> **ASSIGNED TASK**
Could you retype, exactly and with no pictures, only the lines from the first line of the records below through the line that contains "sonnengelb - Bastelschachtel"?

==== DATA EXTRACT

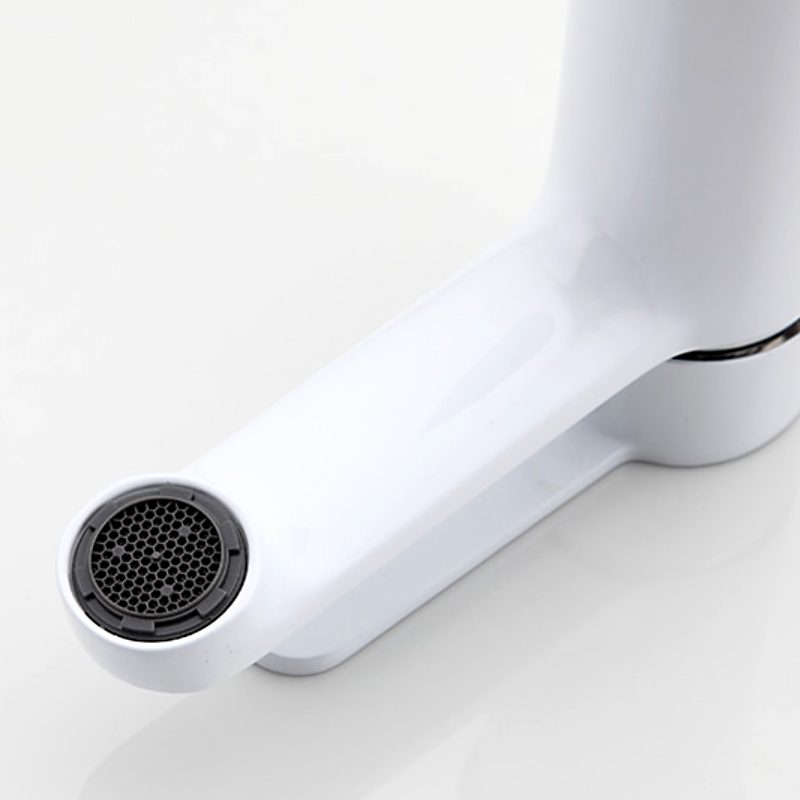 Смеситель для умывальника Frap F1041, белый/хром — изображение 6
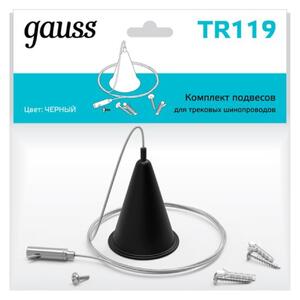 TR119 Комплект подвесов для трековых шинопроводов Gauss, цвет черный 1/50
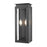 Z-Lite Nova 2 Light 5.5" Outdoor Wall Light, Black/Clear - 5018S-BK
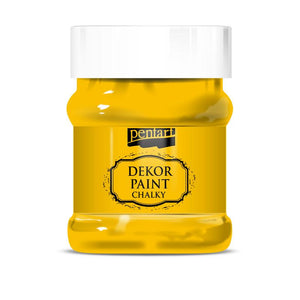 Pentart Dekor Paint Chalky matt 230ml - sonnengelb - Bastelschachtel - Pentart Dekor Paint Chalky matt 230ml - sonnengelb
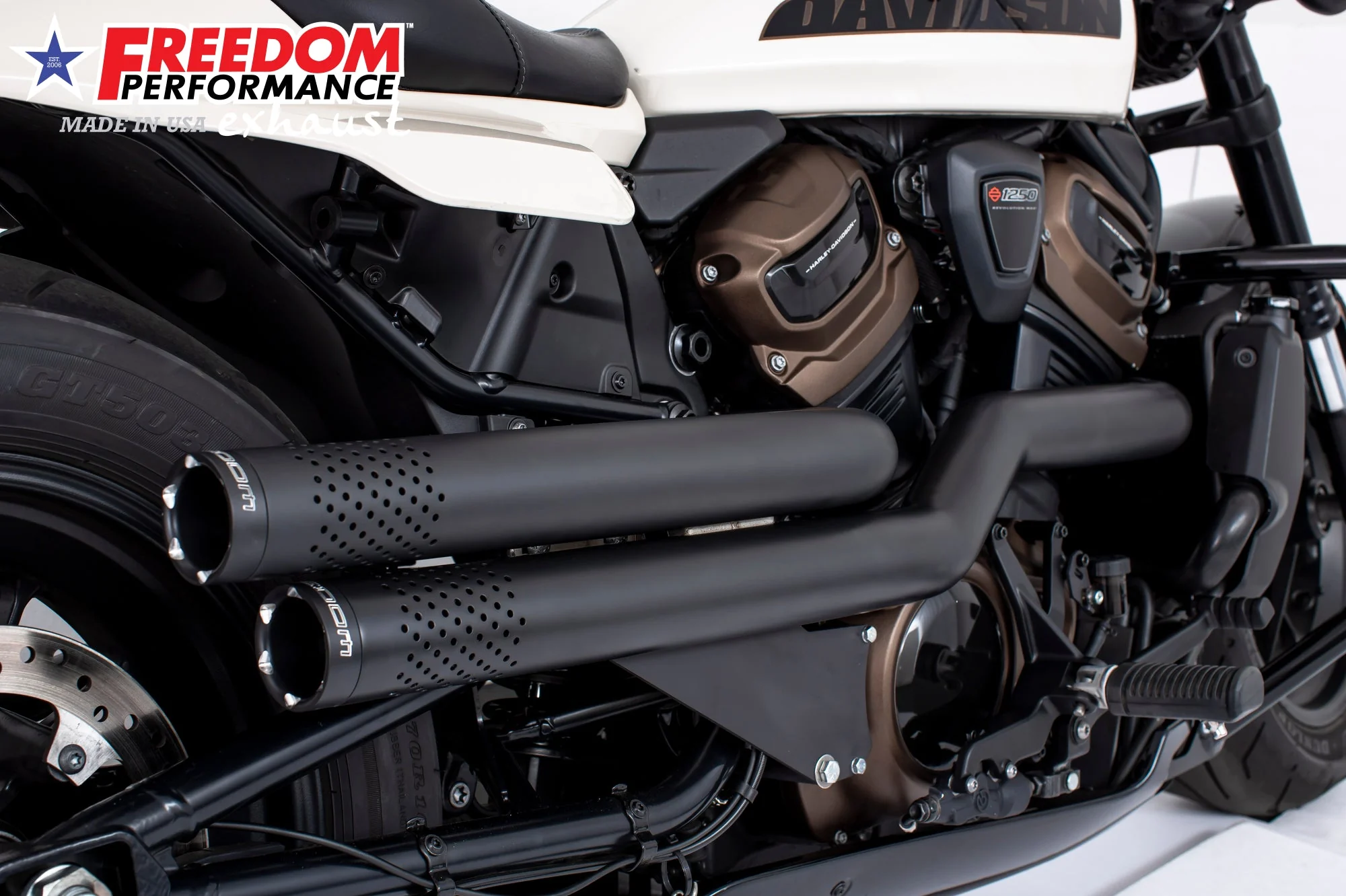 FREEDOM EXHAUST - SPORTSTER S "NEW 2023" INDEPENDENCE "PERFORATED" HIGH Fits 2021 to Present - Image 3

========

> **TASK RESPONSE**
 Смеситель для умывальника Frap F1041, белый/хром — изображение 6
 TR119 Комплект подвесов для трековых шинопроводов Gauss, цвет черный 1/50
 Z-Lite Nova 2 Light 5.5" Outdoor Wall Light, Black/Clear - 5018S-BK
 Pentart Dekor Paint Chalky matt 230ml - sonnengelb - Bastelschachtel - Pentart Dekor Paint Chalky matt 230ml - sonnengelb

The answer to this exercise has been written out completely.